Ainsi que nous l’avons déjà précisé, en plus d’un besoin de doses de plus en plus fortes, la dépendance entraîne perte de mémoire, oubli de soi et également – c’est d’ailleurs l’un des principaux thèmes du dernier tome de la trilogie - incapacité à se préoccuper d'autrui. Âgée de plus de deux cents ans dans La Mémoire du crystal, Killa perd de plus en plus rapidement ses souvenirs. C’est parfois délibéré : « plus vite je retournerai tailler, plus vite j’oublierai. » (8), déclare-t-elle, anéantie par la mort de Lanzecki, son ancien amant et mentor. Mais le plus souvent, c’est involontaire et cela entraîne une dégénérescence non seulement de son esprit, mais également de son cœur, de sa capacité à aimer. Les autres ne sont pour elle que de vagues formes, au mieux des personnes utiles, au pire des rivaux. Immortelle, Killa s’enferme dans un univers étriqué, semblable en tous points, finalement, à celui qu’elle avait voulu fuir en se rendant sur Ballybran. Et sa première réaction face à ceux qui tentent de lui faire prendre conscience de son déclin, est le déni…

- (…) je peux me rappeler – si je veux ! marmonna Killa.
Puis elle éclata de rire, surprenant dans sa voix une nuance de susceptibilité infantile. Elle se rappelait les choses importantes, comme la façon de piloter un airbob, de retrouver une concession, de tailler – et, plus important que tout le reste, elle se rappelait ce qu’il fallait tailler pour obtenir le meilleur prix de son crystal. Quels autres souvenirs avait-elle besoin de conserver ?
(…) Si c’est intéressant ou excitant, je m’en souviens, se dit-elle.
- Tu crois ?
- Je peux, si je veux ! Je peux ! (9)

Ainsi, La Transe du crystal décrit avec une grande sensibilité la spirale infernale de la toxicomanie.
Comme l’expérience née des paradis artificiels, celle du crystal est intense, riche, semblable à une explosion incandescente, et produit l’euphorique et illusoire sensation de vivre plus intensément que les autres. Mais toutes deux engendrent des gouffres, des manques ; toutes deux provoquent la dépendance, l’avilissement de soi, la perte de toute dignité : pour avoir voulu se libérer du carcan du moi, de la terrifiante expérience de la réalité sensible, pour avoir voulu goûter à une sorte de quintessence de vie, chanteurs de crystal et drogués, captifs involontaires et consentants de passions fallacieuses, se retrouvent esclaves d’un désir toujours plus exigeant, absorbés par l’angoisse du manque qu’il produit, obsédés par l’idée de retrouver un paradis perdu qui n’a jamais existé que dans les simulacres créés par le mélange alchimique de leurs fantasmes. Ils ont voulu vivre dans une image idéalisée du monde, ils ont voulu devenir cette image, mais se retrouvent ombres à la place des ombres, fantômes errant entre une réalité qu’ils ont eux-mêmes détruite et un idéal qu’ils ne peuvent même plus imaginer.
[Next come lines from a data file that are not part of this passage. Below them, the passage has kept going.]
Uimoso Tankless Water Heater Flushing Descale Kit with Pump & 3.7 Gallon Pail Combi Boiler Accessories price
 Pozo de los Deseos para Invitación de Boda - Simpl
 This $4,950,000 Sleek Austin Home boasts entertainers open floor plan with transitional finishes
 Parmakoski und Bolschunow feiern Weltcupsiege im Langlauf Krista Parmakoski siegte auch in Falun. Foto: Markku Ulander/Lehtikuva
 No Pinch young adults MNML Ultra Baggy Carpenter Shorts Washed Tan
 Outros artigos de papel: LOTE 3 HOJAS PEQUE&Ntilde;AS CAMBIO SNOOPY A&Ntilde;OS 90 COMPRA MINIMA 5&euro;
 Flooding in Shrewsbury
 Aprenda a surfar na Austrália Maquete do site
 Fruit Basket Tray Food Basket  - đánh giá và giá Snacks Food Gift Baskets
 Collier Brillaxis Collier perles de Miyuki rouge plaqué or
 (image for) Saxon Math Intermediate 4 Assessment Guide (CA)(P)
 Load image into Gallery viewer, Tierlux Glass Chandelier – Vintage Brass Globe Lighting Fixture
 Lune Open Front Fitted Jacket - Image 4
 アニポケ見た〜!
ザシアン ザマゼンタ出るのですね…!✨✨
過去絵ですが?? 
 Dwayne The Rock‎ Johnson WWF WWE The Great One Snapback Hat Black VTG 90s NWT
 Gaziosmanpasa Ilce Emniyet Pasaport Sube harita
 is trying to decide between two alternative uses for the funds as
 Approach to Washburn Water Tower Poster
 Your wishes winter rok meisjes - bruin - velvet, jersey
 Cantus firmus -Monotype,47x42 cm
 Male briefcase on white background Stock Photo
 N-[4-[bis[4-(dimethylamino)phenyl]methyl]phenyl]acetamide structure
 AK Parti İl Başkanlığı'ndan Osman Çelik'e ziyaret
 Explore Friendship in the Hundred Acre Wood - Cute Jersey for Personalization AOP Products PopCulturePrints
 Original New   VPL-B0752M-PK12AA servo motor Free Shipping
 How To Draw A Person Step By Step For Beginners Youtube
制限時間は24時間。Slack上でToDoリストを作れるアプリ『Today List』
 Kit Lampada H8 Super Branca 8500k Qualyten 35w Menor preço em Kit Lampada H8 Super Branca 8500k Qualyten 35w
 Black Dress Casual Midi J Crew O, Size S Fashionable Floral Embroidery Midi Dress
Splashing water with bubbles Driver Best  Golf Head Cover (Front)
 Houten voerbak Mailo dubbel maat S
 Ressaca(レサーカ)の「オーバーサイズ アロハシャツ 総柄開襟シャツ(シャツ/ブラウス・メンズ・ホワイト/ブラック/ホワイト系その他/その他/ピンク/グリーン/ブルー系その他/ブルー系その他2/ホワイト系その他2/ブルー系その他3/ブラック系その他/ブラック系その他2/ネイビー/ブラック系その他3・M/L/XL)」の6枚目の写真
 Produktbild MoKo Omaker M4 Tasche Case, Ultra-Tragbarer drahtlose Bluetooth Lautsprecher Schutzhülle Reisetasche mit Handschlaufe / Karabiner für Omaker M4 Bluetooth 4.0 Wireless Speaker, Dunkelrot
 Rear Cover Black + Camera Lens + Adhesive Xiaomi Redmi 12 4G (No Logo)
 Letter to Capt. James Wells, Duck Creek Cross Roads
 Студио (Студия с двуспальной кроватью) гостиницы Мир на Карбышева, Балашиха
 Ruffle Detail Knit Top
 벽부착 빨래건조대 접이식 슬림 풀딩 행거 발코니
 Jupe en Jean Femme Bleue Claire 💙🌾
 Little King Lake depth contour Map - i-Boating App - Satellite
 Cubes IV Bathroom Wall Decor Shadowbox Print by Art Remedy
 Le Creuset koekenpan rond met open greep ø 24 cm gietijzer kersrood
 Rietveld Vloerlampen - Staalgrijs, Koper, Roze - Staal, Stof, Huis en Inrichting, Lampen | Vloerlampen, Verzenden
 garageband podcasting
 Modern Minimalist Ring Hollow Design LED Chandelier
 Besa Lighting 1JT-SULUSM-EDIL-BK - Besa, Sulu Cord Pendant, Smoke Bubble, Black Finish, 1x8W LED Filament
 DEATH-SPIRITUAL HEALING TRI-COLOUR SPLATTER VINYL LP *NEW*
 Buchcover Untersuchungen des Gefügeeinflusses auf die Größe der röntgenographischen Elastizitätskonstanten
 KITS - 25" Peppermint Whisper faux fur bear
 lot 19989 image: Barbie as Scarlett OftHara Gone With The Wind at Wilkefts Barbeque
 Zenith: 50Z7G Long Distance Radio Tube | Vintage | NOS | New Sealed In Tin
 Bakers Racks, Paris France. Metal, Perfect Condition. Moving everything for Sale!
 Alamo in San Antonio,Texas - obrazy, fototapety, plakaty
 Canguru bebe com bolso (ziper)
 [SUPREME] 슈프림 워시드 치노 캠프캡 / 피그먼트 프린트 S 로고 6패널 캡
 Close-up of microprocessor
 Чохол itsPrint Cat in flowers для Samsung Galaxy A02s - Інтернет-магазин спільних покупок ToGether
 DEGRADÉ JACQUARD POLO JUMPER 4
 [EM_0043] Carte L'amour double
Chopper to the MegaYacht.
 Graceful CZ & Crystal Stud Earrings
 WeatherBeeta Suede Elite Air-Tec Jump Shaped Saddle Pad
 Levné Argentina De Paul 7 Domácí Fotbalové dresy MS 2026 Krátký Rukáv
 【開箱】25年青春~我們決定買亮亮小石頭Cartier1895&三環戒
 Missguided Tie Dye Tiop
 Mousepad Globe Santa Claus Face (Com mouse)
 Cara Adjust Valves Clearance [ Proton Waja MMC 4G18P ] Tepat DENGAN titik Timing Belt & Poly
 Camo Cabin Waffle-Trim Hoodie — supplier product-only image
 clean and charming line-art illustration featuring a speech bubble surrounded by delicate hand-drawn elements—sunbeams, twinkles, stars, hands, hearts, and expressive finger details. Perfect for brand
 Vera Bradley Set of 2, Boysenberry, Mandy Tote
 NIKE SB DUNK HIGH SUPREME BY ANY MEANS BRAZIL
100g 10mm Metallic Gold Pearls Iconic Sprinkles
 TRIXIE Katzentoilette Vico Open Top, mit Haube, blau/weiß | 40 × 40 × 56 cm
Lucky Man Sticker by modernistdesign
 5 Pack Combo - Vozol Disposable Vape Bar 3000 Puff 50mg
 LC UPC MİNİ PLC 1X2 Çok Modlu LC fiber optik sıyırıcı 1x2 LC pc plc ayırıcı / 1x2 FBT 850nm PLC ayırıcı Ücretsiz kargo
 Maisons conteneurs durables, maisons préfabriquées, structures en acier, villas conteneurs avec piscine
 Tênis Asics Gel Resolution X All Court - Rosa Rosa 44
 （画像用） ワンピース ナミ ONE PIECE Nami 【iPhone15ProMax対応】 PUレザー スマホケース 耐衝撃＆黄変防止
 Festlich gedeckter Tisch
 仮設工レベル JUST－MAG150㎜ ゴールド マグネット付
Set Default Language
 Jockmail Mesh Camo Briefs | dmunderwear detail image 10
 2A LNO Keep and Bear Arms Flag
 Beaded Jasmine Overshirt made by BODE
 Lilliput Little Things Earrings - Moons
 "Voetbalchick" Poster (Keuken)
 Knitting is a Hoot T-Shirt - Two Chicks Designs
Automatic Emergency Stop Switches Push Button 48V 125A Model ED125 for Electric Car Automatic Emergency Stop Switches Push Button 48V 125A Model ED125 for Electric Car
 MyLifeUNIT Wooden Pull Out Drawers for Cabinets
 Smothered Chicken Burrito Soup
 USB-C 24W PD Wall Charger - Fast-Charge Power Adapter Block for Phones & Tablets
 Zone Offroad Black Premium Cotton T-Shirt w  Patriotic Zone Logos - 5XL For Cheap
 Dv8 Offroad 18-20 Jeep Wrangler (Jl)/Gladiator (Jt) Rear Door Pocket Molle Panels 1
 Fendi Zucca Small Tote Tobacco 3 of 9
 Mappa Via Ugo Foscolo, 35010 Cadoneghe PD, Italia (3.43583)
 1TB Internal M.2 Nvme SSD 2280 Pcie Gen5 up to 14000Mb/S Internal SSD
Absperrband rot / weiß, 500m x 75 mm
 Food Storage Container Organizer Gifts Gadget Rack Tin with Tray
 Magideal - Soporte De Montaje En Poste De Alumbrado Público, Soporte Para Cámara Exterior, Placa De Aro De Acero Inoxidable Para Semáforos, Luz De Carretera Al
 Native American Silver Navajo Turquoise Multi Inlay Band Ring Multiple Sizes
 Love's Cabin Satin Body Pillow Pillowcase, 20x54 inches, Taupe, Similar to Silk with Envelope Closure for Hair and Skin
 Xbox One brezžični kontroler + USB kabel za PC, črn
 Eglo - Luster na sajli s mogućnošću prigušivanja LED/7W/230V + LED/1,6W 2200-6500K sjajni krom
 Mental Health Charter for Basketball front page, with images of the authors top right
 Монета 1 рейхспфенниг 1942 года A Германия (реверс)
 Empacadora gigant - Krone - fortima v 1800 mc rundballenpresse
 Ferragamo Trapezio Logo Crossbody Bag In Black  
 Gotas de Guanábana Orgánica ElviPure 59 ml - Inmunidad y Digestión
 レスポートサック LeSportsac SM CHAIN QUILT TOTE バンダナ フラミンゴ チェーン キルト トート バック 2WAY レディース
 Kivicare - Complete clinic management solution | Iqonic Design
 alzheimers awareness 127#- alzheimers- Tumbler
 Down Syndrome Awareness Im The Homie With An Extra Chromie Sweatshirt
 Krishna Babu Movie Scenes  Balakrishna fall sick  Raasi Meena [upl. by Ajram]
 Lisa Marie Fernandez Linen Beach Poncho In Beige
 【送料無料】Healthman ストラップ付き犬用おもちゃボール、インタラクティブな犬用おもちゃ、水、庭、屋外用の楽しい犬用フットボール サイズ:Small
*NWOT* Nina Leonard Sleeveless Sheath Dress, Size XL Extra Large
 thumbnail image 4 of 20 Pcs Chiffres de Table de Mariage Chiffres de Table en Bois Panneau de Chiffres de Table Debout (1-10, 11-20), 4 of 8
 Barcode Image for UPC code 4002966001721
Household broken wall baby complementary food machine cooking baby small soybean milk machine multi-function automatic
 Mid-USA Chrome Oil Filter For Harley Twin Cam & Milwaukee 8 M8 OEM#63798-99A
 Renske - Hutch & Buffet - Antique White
Horreur ! je me souviens ! je me souviens ! Oui ! ce taudis, ce séjour de l’éternel ennui, est bien le mien (…) Dans ce monde étroit, mais si plein de dégoût, un seul objet connu me sourit : la fiole de laudanum ; une vieille et terrible amie (…) Oh ! oui ! le temps a reparu ; le temps règne en souverain maintenant ; et avec le hideux vieillard est revenu tout son démoniaque cortège de Souvenirs, de Regrets, de Spasmes, de Peurs, d’Angoisses, de Cauchemars, de Colères et de Névroses. (10)

Qu’est-ce que l'immortalité lorsque la vie n'est plus qu'une suite d'enregistrements, lorsque le réel se résume à une bande sonore ? Qu’est-ce que l’immortalité lorsqu’on n’a même plus conscience d’être quelqu’un ? Telles sont les questions posées dans cette trilogie Et si Killashandra trouve, grâce à l’amour, la force de lutter contre cette dépendance, tous n’ont pas cette chance, au point que le suicide – l’overdose ? - devient la seule alternative possible au néant…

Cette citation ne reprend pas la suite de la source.